Tomorrow night, the council will receive (and likely accept) the 2nd quarter sales tax Collection report. I’ve been meaning/trying to put together a quarter by quarter sales tax spreadsheet for the last few years, but other things keep cropping up and I haven’t even really started.

The key issue in the six page staff report are that the 2nd quarter of 2007 dropped at 0.7% over the same time last year, and really it was increases in construction and food that appear to have offset decreases in every other category.

Unfortunately, the old saw of “South Shore/Towne Centre is under construction” doesn’t necessarily speak to the concern in dropping sales tax, as it was under construction in both 2006 and 2007, and in fact, some of the new stores have come on-line.

That said, the construction is well underway and major construction will be complete by this time next year. With Bed Bath and Beyond (does anyone else’s mind jump to the Simpson’s Halloween special that featured a trip to Bloodbath and Beyond when they hear that name?) opening, the theater coming on line in March, Borders, and other new, long-planned projects gearing up, perhaps we really are about to turn a corner.

With the huge public service union issues (Firefighters are up next!) It’s going to be interesting to see how this all plays out. Page 6 of the report shows that Police and Fire use nearly 60% of all general funds in the city.

With Action Alameda endorsing the use of state and regional laws to overcome local planning issues, perhaps they’ll start looking at supporting regional sales tax sharing laws in Sacramento. There was movement about four years ago, but it went no where. Now may be the time to look again. Check out the graph on Page 5 that compares sales tax collection per capita in Alameda County.

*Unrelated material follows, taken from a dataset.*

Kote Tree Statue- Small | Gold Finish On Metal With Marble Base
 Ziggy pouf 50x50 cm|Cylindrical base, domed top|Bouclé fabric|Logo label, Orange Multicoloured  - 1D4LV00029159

Alameda beat Piedmont (Yay us!) and the unincorporated areas of the county (Wohoo, we’re on a roll). And they we get our butts handed to us by the rest of the cities in the county (It’s like we’re the Cal Bears of city sales tax collection!) Check out Emeryville. There’s some serious redistribution that needs to at least be talked about.

1 comment for “Money

  1. Michael Krueger
    December 3, 2007 at 11:39 am

    Ever since I saw the Simpsons episode with the “Bloodbath & Beyond Gun Shop,” I always think of it when I see “Bed Bath and Beyond”:


    But seriously, I wasn’t surprised to see Emeryville popping off the sales tax chart. Emeryville is an example of the “fiscalization of land use” run amok. That’s a wonky term for one of the unintended consequences of Proposition 13 in California: Because cities new receive more revenues from sales taxes than they do from property taxes, and because land uses like housing can require more city services than retail uses, cash-strapped city governments are sorely tempted to approve as much large-scale retail as possible and as few housing and other non-sales-tax-generating land uses as possible. Take this to the extreme and you get Emeryville.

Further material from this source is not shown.